This is where a trainer is going to be valuable for you; learning what is the best way to introduce a scary stimulus to your filly and make it a successful one. 



Saucy12 said:


> But when she had enough of her "bath" she started spinning trying to kick me, rearing up and pushing into me.


As I mentioned above, there is a fine line for when you should MAKE a horse tolerate what you are doing to them, and when you have blown their mind because they've had too much. 

Maybe in that case you SHOULD have made her stand nice. Or maybe her mind was already blown 5 minutes before that and you did not recognize it.



Saucy12 said:


> She is strong so it took all I had to keep her off me and get her calmed down.

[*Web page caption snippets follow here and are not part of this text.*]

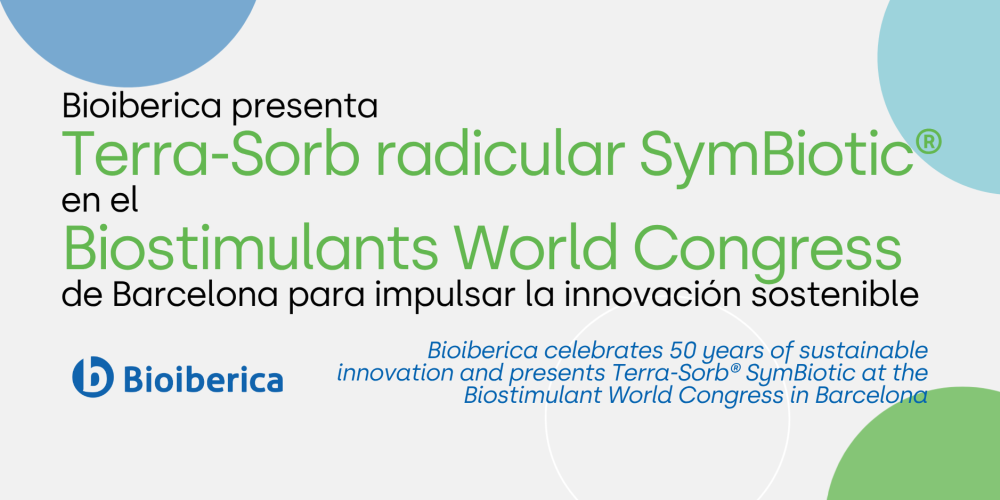 Bioiberica presenta Terra-Sorb radicular SymBiotic® en el Biostimulant World Congress de Barcelona para impulsar la innovación sostenible Bioiberica presenta Terra-Sorb radicular SymBiotic® en el Biostimulant World Congress de Barcelona para impulsar la innovación sostenible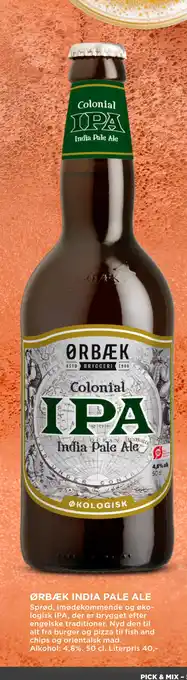 MENY ØRBÆK INDIA PALE ALE tilbud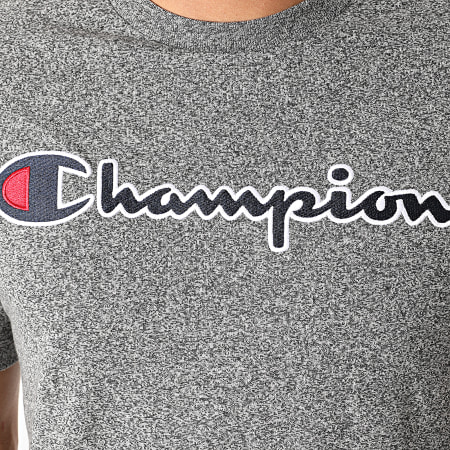 Champion - Tee Shirt 214726 Noir Chiné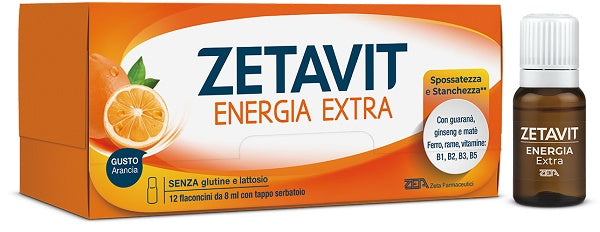 Zetavit Energia Extra 12 Flaconcini 8 Ml - Lovesano 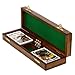 Game Cribbage Boards Set, 2 Decks Of Cards, 6 Metal Pegs With Storage by ShalinIndia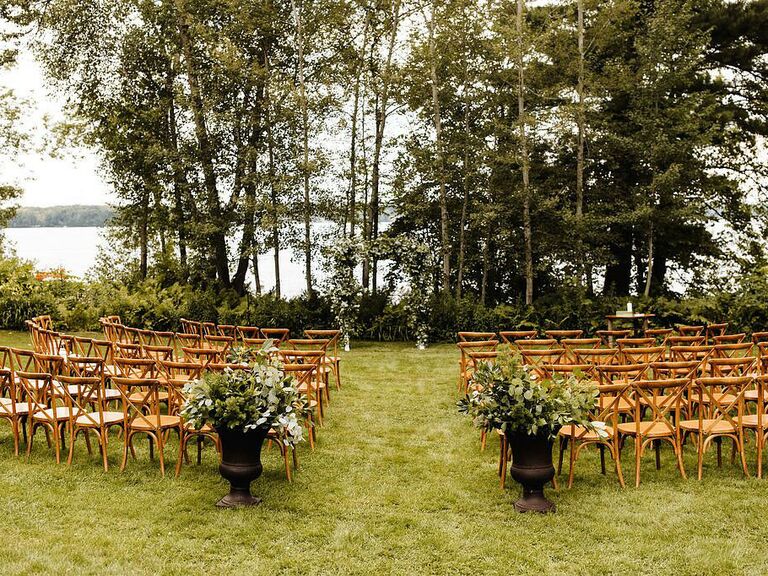 outdoor wedding venues stout's island
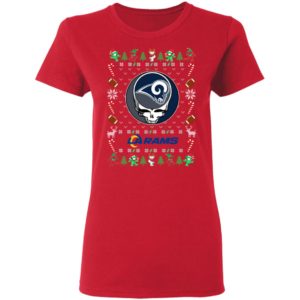 Los Angeles Rams Gratefull Dead Ugly Christmas Sweater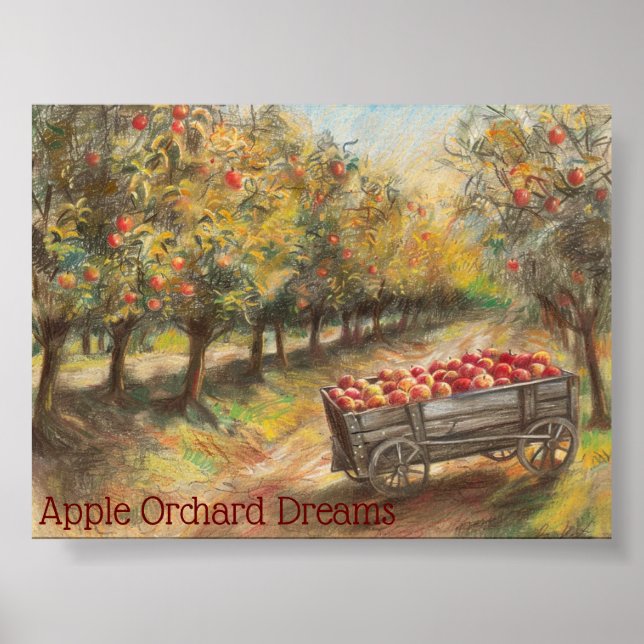 Apple Harvest Serenity Poster (Front)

Ground work is going to be vital for you because it is going to teach this filly how to give to pressure. 

You will never win a pulling match with a horse (even a yearling). They need to learn to respect you and give to you.


Good luck. Keep us posted.


----------



## loosie (Jun 19, 2008)

Saddlebag said:


> When we say the horse needs to think we are going to kill it, it's really about making the horse understand that it's overstepped it's bounds and that it's could be in big trouble.

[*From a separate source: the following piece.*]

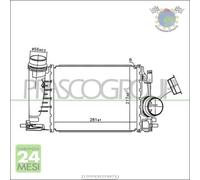 Intercooler Prasco per NISSAN QASHQAI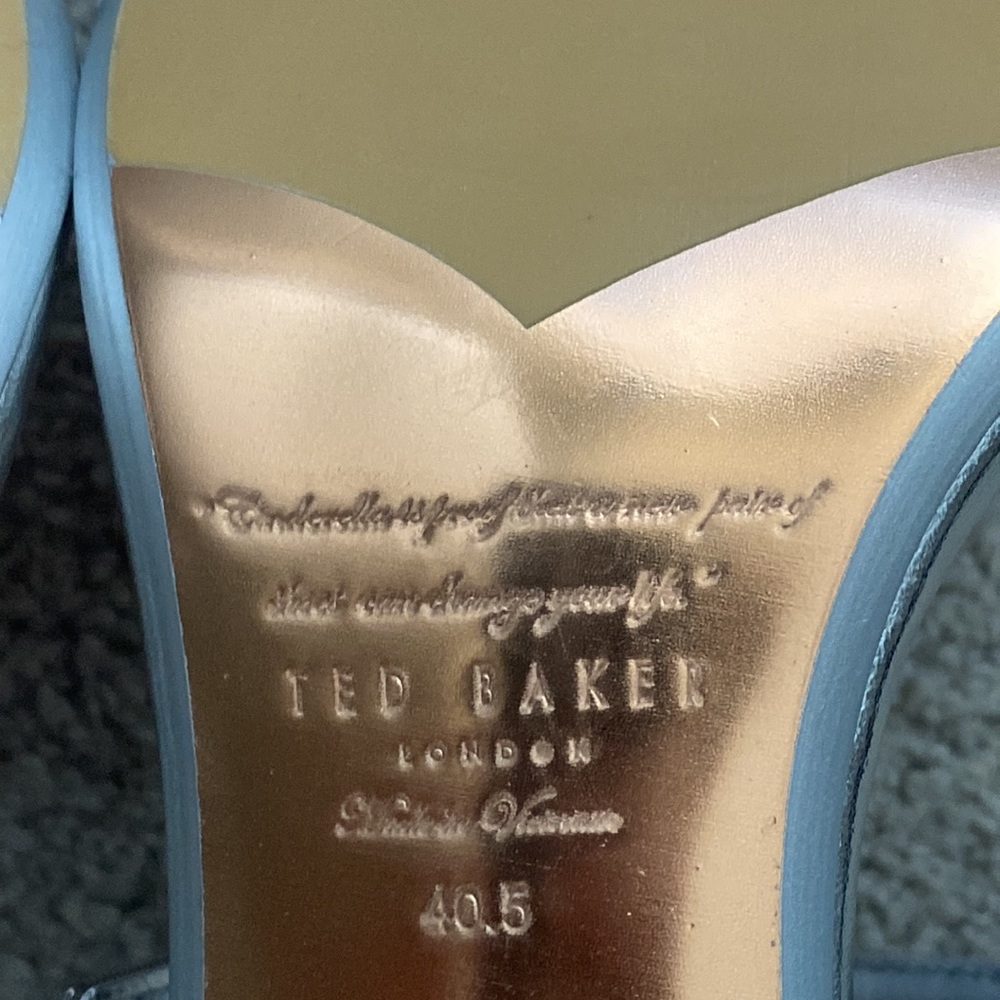 Silver Ted Baker London Stiletto Heels Size 9 & 10 NWT - Picture 7 of 11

Yeah, I don't disagree with it 'metaphorically speaking', just that many people take that kind of thing more literally & also don't consider the reason for the behaviour. I think if you don't understand why/when/why not, you can easily end up with a more confused, frightened & more reactive horse.


----------



## loosie (Jun 19, 2008)

^Double like

To Beau, I don't mean my own!


----------



## oh vair oh (Mar 27, 2012)

Ground control will help lower the intensity of the "done" behavior, if you find yourself at that point. If my young horse needs to move her feet, I hurry her up and get her to move her feet until she decides standing was probably the better option. Usually if she knows she is allowed to move, and can, she won't. But if she knows she absolutely cannot move, and needs to, then you have a blow up where they feel they need to take you out to get free. If my horse is uncomfortable and needs to move her feet and does it in a safe and respectable way then comes right back to me, I have no problem with that. That amount of time will gradually get shorter and shorter as she gains confidence. And that confidence has saved my butt a couple times during spooky situations where her natural reaction has changed to simply skirting around me and yielding, instead of running me over or jumping on me. And by then she's cool. Gradually even that whittles down to where she spooks less often and smaller. If you give them direction and an outlet to go, it feels like it works better psychologically than forcefully.
_Posted via Mobile Device_


----------



## SueC (Feb 22, 2014)

For anyone interested in gentle training methods that are incredibly effective, take a look at this:

Augustus the Mustang | Adventures of Augustus the Mustang

This HF member has only had her wild horse for two months and she has made extraordinary progress in a very short time. _Everything_ she does with her horse is calm and unhurried, and the relationship and cooperation between these two make them a joy to watch. They play all sorts of games and trick train, and Augustus is now lying down on request and letting her sit on him in that position. She also covers training to hose, spook-proofing around power tools, umbrellas etc, all sorts of useful things. There are many clips on this blog and it's worth going back to the first entry and coming forward chronologically to see it all in sequence. I've had some long chats with this trainer and her training ethos is very similar to loosie's or mine. A key difference in practical terms is that I've never extensively trick trained before, but her blog inspires me to try it!


----------



## BlueSpark (Feb 22, 2012)

> She has never purposefully tried to hurt me. It's just when she is "done" with something or scared of doing something that she gets that way.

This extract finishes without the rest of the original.